Your Legacy, Your Choice

April 3, 2016

So
here we are, April.  For those who have
been a part of the Cornerstone family for more than a year then you know what
April means. 
For
those of you who have been with us for less than a year you might think that
April is simply the month that falls between March and May.  And while that is true, at Cornerstone April
has been traditionally, at least since 2002, the month that Denn talks about
money.
And
you might think that is a bit strange, so let me give you some history and
background as to why that occurs.
First
of all, it occurs in April because this is the end of the church year for
Wesleyan Churches.  Why April?  I have no idea, but it is what it is.
Prior
to 2002 Cornerstone handled our budget and finances like most churches do.  Before the new church year, the local board
would sit down and draw up a budget for the new year.  But there was really very little rationale
for the budget.  The best that we would
hope for was we’d take last year’s budget and say “We hope to grow this year,
so let’s increase the budget by 10%” But that very seldom took into account if
we had made the budget the previous year or not.
It’s
like writing a personal budget without taking into account your income.  Assuming the money will just appear.  The problem in churches is when the money
doesn’t just appear then the pastor is instructed to preach on money. And
because the pastor only preaches on money when there is a problem it comes
across as scolding or nagging.  And most
people learn from childhood to mentally turn down the volume of nagging and
scolding. 
So
in 2002, the leadership at Cornerstone decided that instead of having the
pastor preach on money when things are tight, and then it comes off as
desperation, we would take the month of April, each year, to teach the theology
of giving, how we make our money and how we use our money.  
First
we called it Stewardship Emphasis month but some where along the line it became
know as simply “Money Month” 
And then on the last Sunday of
April, step up cards will be distributed to folks who call Cornerstone their
church home to respond and provide an estimate of what they believe they will
be able to give in the upcoming year.  In
affect you get to have a say in the budget and say “This is the type of church
I would like to have this year.”
And then we take the cards, add
them up and that becomes our budget for the year.  Not a nickel more.  And to stress the reality of that concept,
the first time we did that at Cornerstone I lost a third of my salary and had to
take outside employment for the next couple of years.
I
think I handle the mechanics of it well; we try not to embarrass anyone or put
anyone on the spot.

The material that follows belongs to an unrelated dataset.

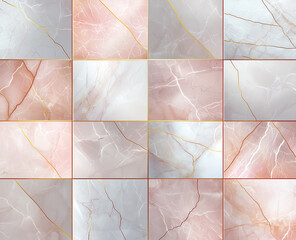 Poster - Soft pastel toned backgrounds with pink and white marble textures, featuring delicate veins and subtle gradients. Perfect for elegant designs and soothing aesthetics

If you don’t want to participate that is fine, although we
encourage everyone to take part.   And we
don’t come knocking on your door if you aren’t able to give what you thought
you’d be able to, we hope you will after all we have based our budget on those
figures.  And we provide you with updates
throughout the year about where we are in relation to what was committed and
where you are personally in relation to your commitment
 The scripture that was read earlier is one of many
instances in the bible when Christians were taught about and reminded of their
giving habits.  You see it’s not just
Denn who talks about money.
In
this case Paul is writing to the Corinthian church and he’s dealing with a
collection that was being received for the believers in Jerusalem who were in
the midst of persecution for their faith. 
And Paul is commending the Corinthian Church and he reaches back into
the Old Testament for the proper words and he quotes Psalm 112:9 where David is
talking about the righteous people who served God.   Psalm
112:9  They share freely and give generously to those in need. Their good
deeds will be remembered forever. They will have influence and honour.
What
Paul is speaking of and alluding to here transcends money and giving because
he’s speaking of the legacy that the Corinthians Church is leaving, in
particular I want to focus on the sentence that says “Their good deeds will be
remembered forever”. 
This
month our theme is “Your Legacy, Your Choice”  

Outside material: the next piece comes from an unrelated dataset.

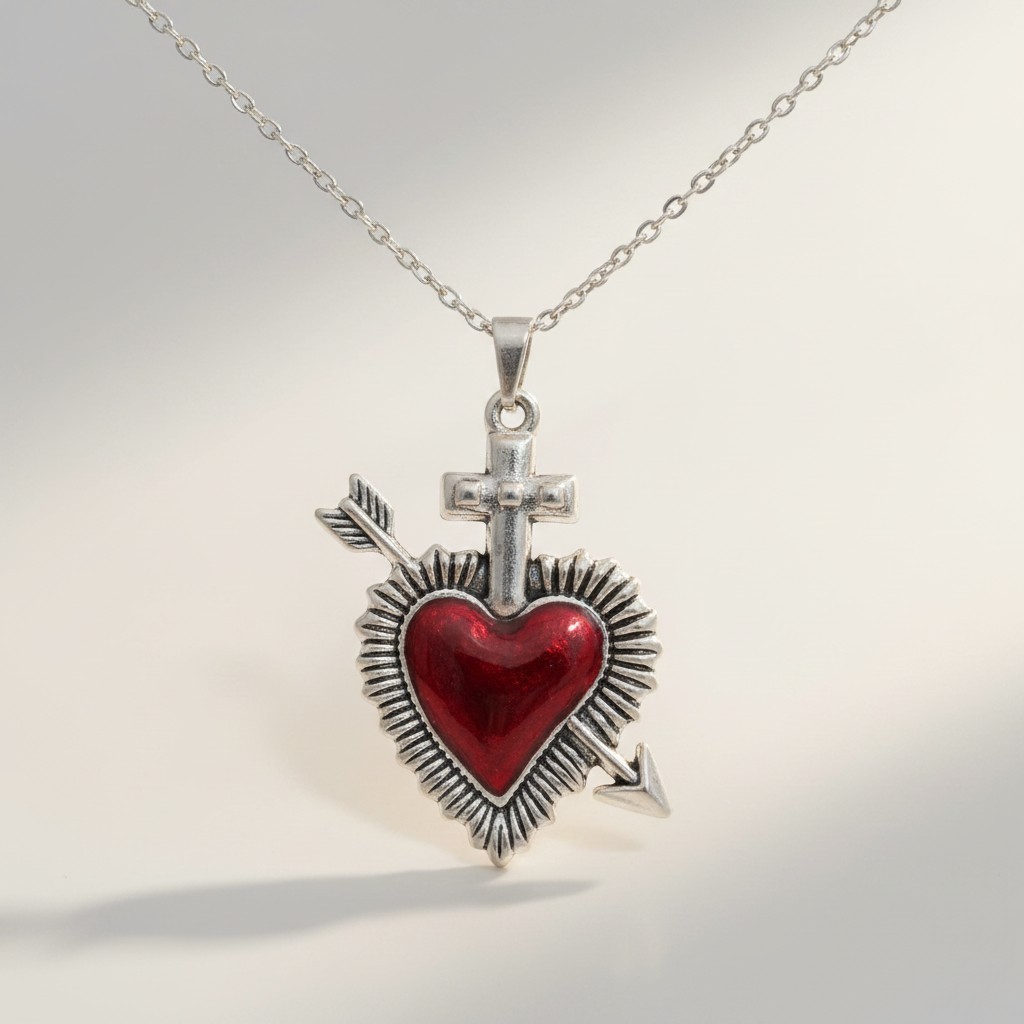 Gothic Style Sacred Love Arrow Heart Pendant Necklace Men & Women Jewelry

and we really need to begin by defining what we mean by legacy.  Collin’s English Dictionary defines Legacy
this way:
Legacy:
1.         a gift by will, especially of money or
personal property
2.         something handed down or received from
an ancestor or predecessor
Sometimes
people will leave a legacy of money to an organization when they pass
away.  When Angela and I had our wills
prepared we stipulated that 10% of our estate was to be given to the church
where we were actively worshipping at the time of our death.   That would be a legacy, probably not a
really large legacy but a legacy never the less. 
And
for the purpose of my messages I want to combine those definitions and look at
what we hand down because of our giving. 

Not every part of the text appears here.